1812: Curtain | Mira Rosenthal

Sep 24, 2013 22:28

"Curtain"
Mira Rosenthal

My sister asked me to go out into the hall.
I went out into the hall. She asked me
to go farther, not just down the hall
but to the other side of the trauma ward
where the bank of windows faced west
and where, during the third dressing change,
I sat in the chair by the elevator and tried
to persuade myself that the setting sun
felt good on my skin, was warming me.
But really I was plotting how to cheat,
to sneak back on her side of the hospital,
not only on her side but next to her door,
not only next to but inside the door,
to be inside and with her when the nurse
drew the gray curtains, when the flowers
on the sill were trapped between window
and cloth, pressed up against the glass
like some embalmed specimen. I felt
the same crease of cool air slicing her
in half, turning over onto her stomach,
the thin gown sliding open in back,
the spine, the cleaving calves, we are
two halves. And I watched the nurse
placing white gauze in a stack, counted
the morphine drips, tried to find some sort
of rhythm in it all, some sort of pattern,
the way her skin would later be, meshed
by making lengthwise nicks in succession,
stippled like the pincushion of a seamstress
who kept her needles meticulous in rows
down and across in the cushion's flesh.
And all of this to be torn apart. Yes,
to at least hear her scream, to hold
her hand, her head even, while the nurse
again ripped the bandage off in order
to keep the wound fresh, keep it fertile
for grafting. But she had asked me
to go out into the hall.

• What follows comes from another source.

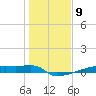 Eagle Point tide chart for Monday, January 9, 2023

I sat in the chair
on the west side of the building and
pretended to find patience in warmth
while she screamed over there, screamed
because there was nothing left to try,
no anodyne that would be strong enough.
And she asked me to go into the hall.
And she screamed because it was wrong
and she wouldn't say that it was wrong
and she wouldn't let me see so that I
might say that it was wrong. I sat there
with only my careless imagination, a mirror
unable to reflect from such a distance
without distorting, a lung inhaling smoke,
that it may be closer to numbness and pain.

she finds the coldest current/and delves deeper into the darkest green waters.